One of my favorite things to do as a meteorologist is to visit schools and talk about how the weather works. Growing up, I was always one of those nerdy, science-loving kids, and I’m so thankful that I have a job that lets me geek out every day.

Skyline SchoolWhen I visit schools, the students and I talk about everything from weather safety to how meteorologists predict tomorrow’s weather. I explain that in order to figure out what is going to happen tomorrow, meteorologists need to find out what happened in the recent past as well as what is happening right now. We do so by using various tools and instruments like thermometers, barometers, anemometers, etc. But my favorite tools by far are satellite and radar.

As a kid, whenever thunderstorms developed in my town, I’d park myself in front of the television set and watch the radar loop. Back then, there was no widespread internet (it was still 5 to 10 years away from becoming a household utility), so the only way my family and I got weather information was from the weather radio and the TV. One particular channel had the local radar loop every 10 minutes… I’m sure you know which one I’m talking about… They also had interesting “smooth jazz” music that I would hear so often I would hum along to it, prompting my mother to say “Christina, you have a problem…”

Radar imagery of a squall line moving through southern Alabama. (Source: NWS Mobile)

Radar imagery of a squall line moving through southern Alabama. (Source: NWS Mobile)

Needless to say, radar has been my favorite weather tool for a long, long time. I always enjoyed watching pop up storms bubble up and figuring out where they were going to go before they fizzled out.

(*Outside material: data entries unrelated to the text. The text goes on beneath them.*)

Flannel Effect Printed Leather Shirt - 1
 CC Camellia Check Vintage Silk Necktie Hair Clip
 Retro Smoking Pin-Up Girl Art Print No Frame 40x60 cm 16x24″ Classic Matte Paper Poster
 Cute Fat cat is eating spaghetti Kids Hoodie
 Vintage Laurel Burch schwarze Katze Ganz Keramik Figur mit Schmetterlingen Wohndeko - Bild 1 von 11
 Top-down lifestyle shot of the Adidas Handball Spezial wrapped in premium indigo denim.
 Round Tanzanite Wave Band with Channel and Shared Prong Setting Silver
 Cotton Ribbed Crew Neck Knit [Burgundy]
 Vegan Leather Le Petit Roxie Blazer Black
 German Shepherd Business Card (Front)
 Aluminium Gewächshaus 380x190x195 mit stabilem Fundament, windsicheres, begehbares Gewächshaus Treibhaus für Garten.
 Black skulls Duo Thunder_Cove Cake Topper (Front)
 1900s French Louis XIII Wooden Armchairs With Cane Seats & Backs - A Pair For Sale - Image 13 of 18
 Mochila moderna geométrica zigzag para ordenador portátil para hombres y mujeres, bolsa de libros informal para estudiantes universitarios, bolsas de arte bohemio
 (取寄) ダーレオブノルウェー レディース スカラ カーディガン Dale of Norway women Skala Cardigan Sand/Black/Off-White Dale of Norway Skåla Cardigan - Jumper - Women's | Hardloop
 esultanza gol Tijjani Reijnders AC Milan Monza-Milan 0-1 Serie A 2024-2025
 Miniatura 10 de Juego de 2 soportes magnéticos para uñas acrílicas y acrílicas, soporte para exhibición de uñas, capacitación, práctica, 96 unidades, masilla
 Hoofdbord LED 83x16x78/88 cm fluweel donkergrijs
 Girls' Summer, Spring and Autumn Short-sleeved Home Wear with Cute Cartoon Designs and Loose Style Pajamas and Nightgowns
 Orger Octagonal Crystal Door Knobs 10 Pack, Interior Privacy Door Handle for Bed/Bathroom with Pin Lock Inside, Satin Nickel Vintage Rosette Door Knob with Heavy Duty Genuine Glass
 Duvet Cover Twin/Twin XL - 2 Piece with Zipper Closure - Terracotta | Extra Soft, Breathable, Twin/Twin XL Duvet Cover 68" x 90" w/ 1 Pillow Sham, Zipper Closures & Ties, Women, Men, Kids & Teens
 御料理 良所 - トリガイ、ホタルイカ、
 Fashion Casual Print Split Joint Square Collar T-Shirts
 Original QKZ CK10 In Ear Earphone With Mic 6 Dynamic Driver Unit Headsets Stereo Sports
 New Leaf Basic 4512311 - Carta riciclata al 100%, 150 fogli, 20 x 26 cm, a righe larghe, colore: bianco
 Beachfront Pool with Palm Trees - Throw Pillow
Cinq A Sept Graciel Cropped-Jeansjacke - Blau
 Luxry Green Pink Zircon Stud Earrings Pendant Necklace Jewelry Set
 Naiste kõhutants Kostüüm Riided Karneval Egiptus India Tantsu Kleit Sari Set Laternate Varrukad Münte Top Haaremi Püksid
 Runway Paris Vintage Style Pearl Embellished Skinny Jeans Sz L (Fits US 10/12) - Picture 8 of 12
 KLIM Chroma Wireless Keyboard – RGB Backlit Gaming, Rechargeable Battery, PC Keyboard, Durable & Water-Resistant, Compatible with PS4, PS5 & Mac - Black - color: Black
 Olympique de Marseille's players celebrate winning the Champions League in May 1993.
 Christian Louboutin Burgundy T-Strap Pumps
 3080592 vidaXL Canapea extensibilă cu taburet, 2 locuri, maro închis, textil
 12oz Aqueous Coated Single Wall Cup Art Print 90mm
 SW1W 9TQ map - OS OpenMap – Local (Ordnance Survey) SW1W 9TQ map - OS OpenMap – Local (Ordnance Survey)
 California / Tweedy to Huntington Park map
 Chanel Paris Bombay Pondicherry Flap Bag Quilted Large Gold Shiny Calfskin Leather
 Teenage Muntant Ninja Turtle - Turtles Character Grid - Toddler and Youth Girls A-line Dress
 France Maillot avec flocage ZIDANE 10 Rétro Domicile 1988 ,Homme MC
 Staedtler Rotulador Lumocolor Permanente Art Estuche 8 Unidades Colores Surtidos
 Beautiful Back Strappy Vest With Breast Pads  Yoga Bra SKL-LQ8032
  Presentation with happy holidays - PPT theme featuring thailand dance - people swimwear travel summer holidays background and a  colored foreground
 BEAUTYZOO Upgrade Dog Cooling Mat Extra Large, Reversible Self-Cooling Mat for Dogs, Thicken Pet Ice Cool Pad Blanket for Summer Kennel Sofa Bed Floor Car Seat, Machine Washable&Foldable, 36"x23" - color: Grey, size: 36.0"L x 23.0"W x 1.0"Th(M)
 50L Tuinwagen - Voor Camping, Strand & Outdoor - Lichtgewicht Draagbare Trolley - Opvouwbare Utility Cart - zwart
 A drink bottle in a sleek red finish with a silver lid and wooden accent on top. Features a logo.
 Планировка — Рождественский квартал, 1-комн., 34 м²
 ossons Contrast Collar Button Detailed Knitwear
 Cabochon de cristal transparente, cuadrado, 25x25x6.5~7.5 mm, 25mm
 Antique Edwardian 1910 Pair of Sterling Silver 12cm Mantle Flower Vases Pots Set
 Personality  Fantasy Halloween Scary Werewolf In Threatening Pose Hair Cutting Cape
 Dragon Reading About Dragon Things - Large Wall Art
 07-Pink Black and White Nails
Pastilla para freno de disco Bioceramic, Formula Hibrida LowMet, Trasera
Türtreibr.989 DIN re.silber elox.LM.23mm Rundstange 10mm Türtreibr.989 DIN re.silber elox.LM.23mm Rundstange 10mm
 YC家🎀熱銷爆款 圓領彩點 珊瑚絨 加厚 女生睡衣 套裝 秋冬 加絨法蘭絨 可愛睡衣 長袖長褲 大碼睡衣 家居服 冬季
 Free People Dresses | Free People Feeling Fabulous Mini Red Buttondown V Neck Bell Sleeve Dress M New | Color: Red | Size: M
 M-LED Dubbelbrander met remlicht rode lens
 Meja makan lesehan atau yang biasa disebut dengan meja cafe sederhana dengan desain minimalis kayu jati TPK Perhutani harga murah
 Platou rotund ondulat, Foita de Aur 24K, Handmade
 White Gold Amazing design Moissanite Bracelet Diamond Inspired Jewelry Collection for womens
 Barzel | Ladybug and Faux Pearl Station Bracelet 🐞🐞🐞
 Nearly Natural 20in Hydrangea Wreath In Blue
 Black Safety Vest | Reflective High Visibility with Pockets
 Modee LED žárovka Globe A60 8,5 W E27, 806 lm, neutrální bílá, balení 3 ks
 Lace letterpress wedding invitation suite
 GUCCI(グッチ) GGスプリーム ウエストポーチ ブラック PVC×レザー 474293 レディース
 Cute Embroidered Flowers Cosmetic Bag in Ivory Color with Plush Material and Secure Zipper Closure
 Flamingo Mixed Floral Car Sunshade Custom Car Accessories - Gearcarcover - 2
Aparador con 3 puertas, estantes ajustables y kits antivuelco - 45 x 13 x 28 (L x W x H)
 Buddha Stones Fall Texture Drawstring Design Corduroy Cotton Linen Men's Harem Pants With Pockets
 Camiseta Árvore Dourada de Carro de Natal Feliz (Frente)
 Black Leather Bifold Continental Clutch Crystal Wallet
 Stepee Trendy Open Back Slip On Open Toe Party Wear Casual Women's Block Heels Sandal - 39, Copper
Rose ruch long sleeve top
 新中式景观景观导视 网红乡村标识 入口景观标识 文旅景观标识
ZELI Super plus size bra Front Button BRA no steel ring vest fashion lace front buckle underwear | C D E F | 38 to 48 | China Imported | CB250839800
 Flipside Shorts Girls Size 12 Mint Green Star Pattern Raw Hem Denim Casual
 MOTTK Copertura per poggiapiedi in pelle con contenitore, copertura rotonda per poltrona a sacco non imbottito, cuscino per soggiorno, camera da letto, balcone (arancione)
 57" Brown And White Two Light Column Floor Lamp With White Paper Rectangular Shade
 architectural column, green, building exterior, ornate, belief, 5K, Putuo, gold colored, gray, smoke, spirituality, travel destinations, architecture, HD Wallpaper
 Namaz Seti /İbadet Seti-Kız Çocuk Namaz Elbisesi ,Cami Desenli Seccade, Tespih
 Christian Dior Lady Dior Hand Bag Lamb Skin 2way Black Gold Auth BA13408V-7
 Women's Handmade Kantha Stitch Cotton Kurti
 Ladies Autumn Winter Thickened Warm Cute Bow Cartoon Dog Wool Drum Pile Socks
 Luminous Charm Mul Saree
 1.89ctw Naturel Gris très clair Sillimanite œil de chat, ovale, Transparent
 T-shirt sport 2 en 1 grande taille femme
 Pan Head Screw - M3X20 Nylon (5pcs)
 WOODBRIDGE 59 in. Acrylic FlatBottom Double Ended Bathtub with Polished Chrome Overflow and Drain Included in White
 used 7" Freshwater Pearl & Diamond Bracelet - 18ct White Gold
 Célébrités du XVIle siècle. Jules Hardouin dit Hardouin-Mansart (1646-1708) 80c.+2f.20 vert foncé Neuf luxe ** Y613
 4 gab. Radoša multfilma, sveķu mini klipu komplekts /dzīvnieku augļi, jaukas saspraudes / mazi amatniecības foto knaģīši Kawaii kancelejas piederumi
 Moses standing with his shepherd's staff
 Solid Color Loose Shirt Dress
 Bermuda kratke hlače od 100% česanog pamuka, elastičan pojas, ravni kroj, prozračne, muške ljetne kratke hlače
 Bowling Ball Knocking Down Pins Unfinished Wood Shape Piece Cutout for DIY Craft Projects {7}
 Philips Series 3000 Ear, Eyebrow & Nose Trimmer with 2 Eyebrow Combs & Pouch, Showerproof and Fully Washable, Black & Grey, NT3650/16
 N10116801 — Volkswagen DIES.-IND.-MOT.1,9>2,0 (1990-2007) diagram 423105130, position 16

During severe weather, I was glued to my seat, watching and tracking squall lines as they moved into my viewing area and calculating their approximate arrival to my house based on their current motion. I was stoked to take the radar class in college because I loved learning about how radars worked and discovering what tornadoes and straight-line winds looked like on the radar imagery.

NWS Radar in Hytop, Alabama (Photo: Christina Edwards)

NWS Radar in Hytop, Alabama (Photo: Christina Edwards)

But it was in college when I developed my greater appreciation for satellite imagery. When you watch a weather report on television, a meteorologist may only have a few seconds to point out a feature on a satellite image.

However, if you really take the time to study the various satellite imagery that is available (visible, infrared, and water vapor, among others), you can pin point features that a radar cannot show you.

For example, a radar is only able to detect hydrometeors (a fancy word for water particles, like raindrops, snowflakes, hailstones, etc) if they are falling within the radar’s beam, and if they are of a particular size that the radar can detect.

Radar beams propagate outward in a linear fashion, and the beams become wider the further out they travel. In contrast, the surface of the Earth curves, and there becomes a point at which it curves away from the radar beam (see image, below).

Radar beam explanation (Source: NWS Norman, OK)

Radar beam explanation (Source: NWS Norman, OK)

As a result, if a radar is too far away from a particular thunderstorm, then the radar won’t pick up its precipitation. Similarly, if a thunderstorm is too close to the radar, it will be above the radar’s beam, and “radar silence” is also the result.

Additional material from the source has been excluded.